La présidence se jouerait entre deux royalistes, l’un Pachtoune, Hamid Karzaï, l’autre Ouzbek, Abdul Satar Sirat. L’Alliance du Nord qui regroupe des chefs de guerre tadjik, ouzbek et hazara et s’est rendue maîtresse de la plupart des villes stratégiques du pays, acceptant de céder la tête du gouvernement, en échange de plusieurs ministères clefs : Affaires étrangères, Intérieur, Défense. Selon Abdullah Abdullah, l’attribution des postes dans le gouvernement provisoire respectera strictement la répartition ethnique au sein de la population soit 38 % de Pachtounes, 27 % de Tadjiks, 17 % d’Hazaras, 6 % d’Ouzbeks.

Un gouvernement provisoire et une Loya Jirga

En parallèle, une «commission indépendante spéciale» de 21 membres sera chargée de préparer, en urgence, la réunion d’une Loya Jirga. Cette assemblée traditionnelle des représentants de tous les groupes de population du pays aura la charge de constituer un gouvernement intérimaire qui prendra les rênes du pays pour une durée maximale de 18 mois, à l’issue de laquelle une nouvelle Loya Jirga devra se réunir pour élaborer une Constitution. Ce processus devant aboutir au final à l’organisation d’élections démocratiques en Afghanistan.

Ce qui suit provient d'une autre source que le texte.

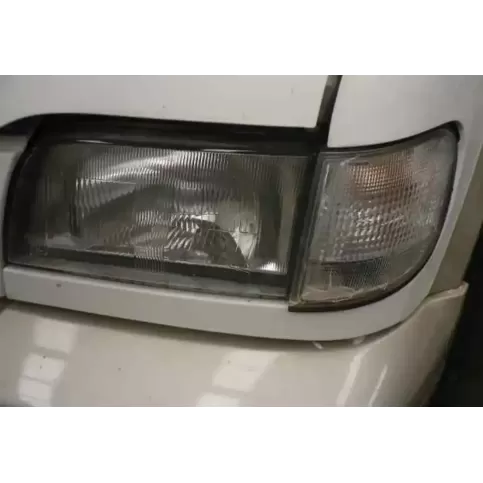 0K01L51040E фара передняя KIA Sportage 1997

L’ex-roi Zaher Shah, en exil à Rome depuis 1973, présenté pendant un temps comme une alternative politique pour assurer la transition après-Taliban, n’occupe finalement qu’une place marginale. Il est cantonné dans le rôle presque uniquement symbolique de président de la Loya Jirga d’urgence qu’il devra aussi convoquer dans un délai de six mois. Même chose pour Burhanuddin Rabbani, président en exercice reconnu par l’ONU, chassé par l’arrivée des Taliban, mais revenu aujourd’hui en tant que tel à Kaboul. Il devra céder le pouvoir aux organes de transition.

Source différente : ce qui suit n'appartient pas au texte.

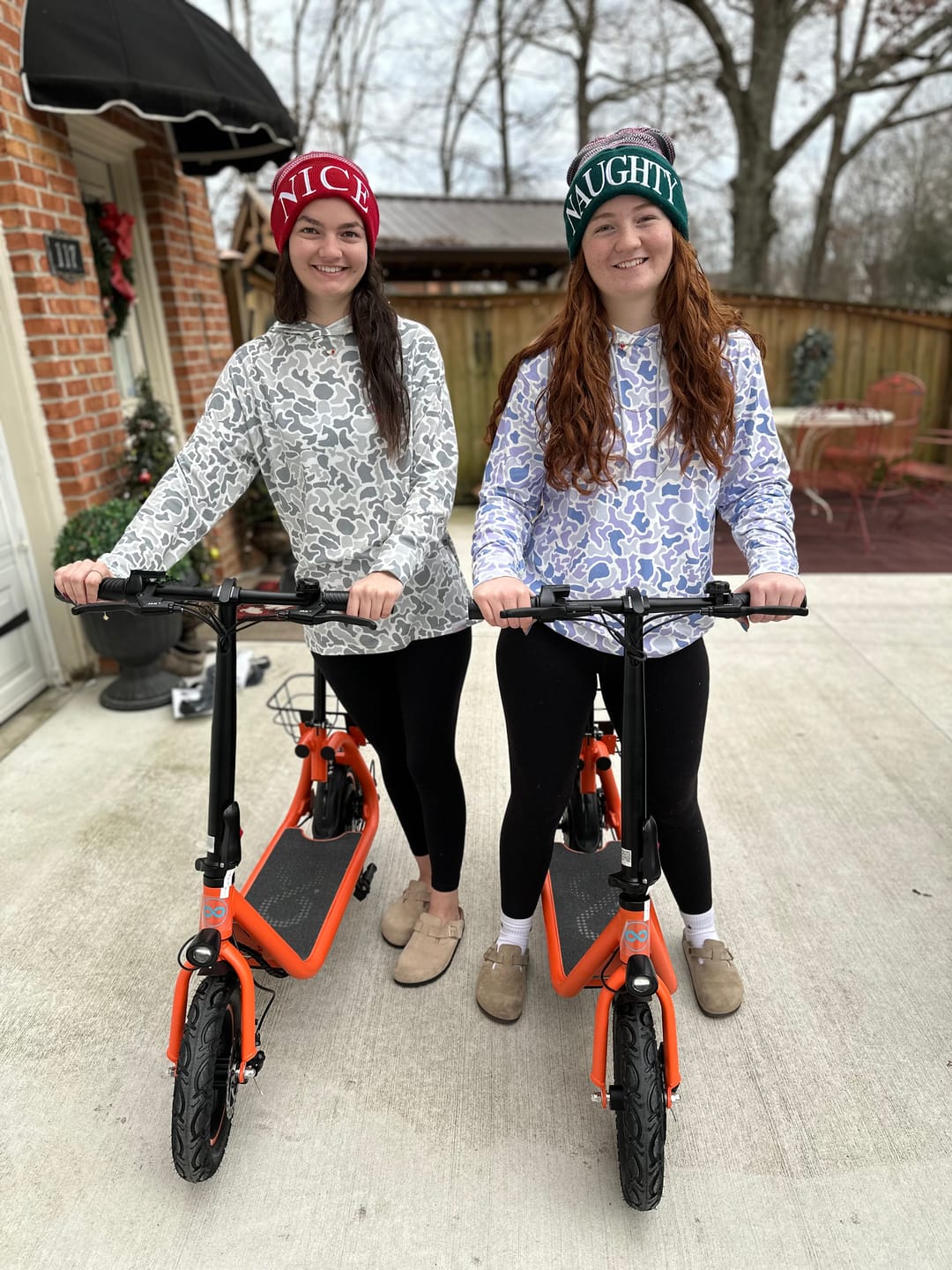 Customer photo review of Gyroor 450W C1 Electric Scooter with Seat & Carry Basket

Les délégations afghanes ont aussi donné, à Bonn, leur accord pour le déploiement d’une force internationale «sous mandat des Nations unies». Les soldats devront tout d’abord assurer la sécurité dans la capitale, Kaboul, et ses environs. Mais l’accord précise que la force pourrait être «si nécessaire, progressivement étendue à d’autres régions». L’Alliance du Nord avait, pendant les premiers jours de la négociation de Bonn, mis son veto sur la mise en œuvre d’une telle mesure, estimant qu’elle n’était pas nécessaire. Mais les pays occidentaux ont lié l’attribution de leur aide financière à la reconstruction du pays, à un accord sur ce point. Il s’agit d’éviter que des luttes intestines entre tribus n’engendrent des exactions et des violences dont les populations civiles pourraient faire les frais, comme cela a été le cas dans le passé. Les modalités d’organisation de cette force restent à définir, de même que les pays pouvant y prendre part, alors que pour le moment les Américains ont indiqué qu’ils n’avaient pas besoin d’aide étrangère sur le terrain.

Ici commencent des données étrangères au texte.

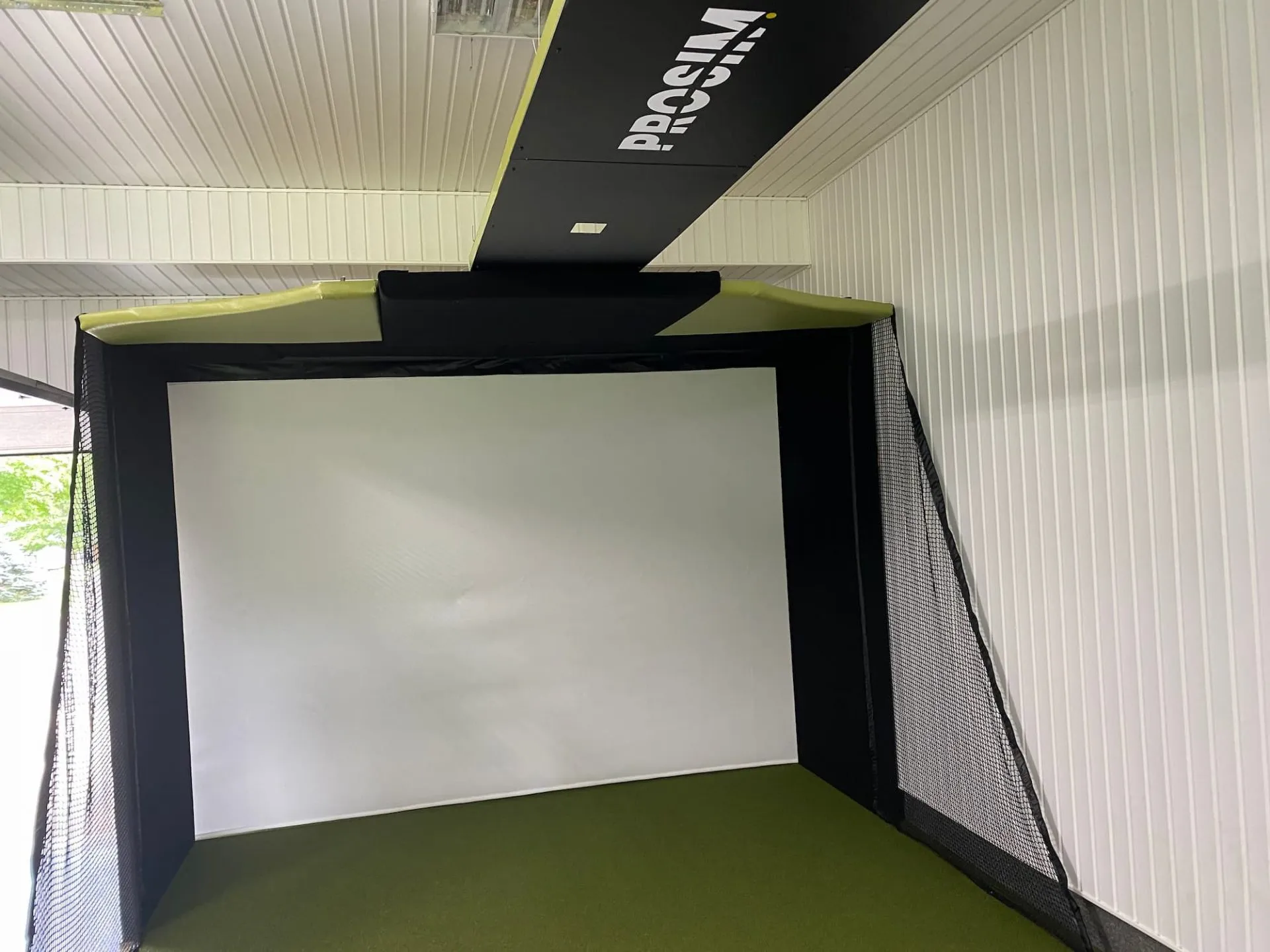 Installation ProSim — Golf in a garage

Dans la prolongation de la réunion de Bonn, les quinze pays membres du groupe de soutien à l’Afghanistan vont se retrouver, mercredi 5 décembre, à Berlin, pour une conférence de deux jours. Ils examineront la situation humanitaire des populations dans le pays et des réfugiés afghans dans les Etats limitrophes. Un plan d’aide devrait être mis au point pour parer à l’urgence humanitaire alors que l’hiver a commencé et pour aider la reconstruction du pays. La conférence de Berlin aura lieu en présence des représentants des principales institutions internationales chargées de l’aide humanitaire : Comité international de la Croix Rouge, Programme des Nations unies pour le Développement, Haut commissariat aux réfugiés, qui a déjà élaboré un plan d’action régional d’un coût de plus de 180 millions de dollars.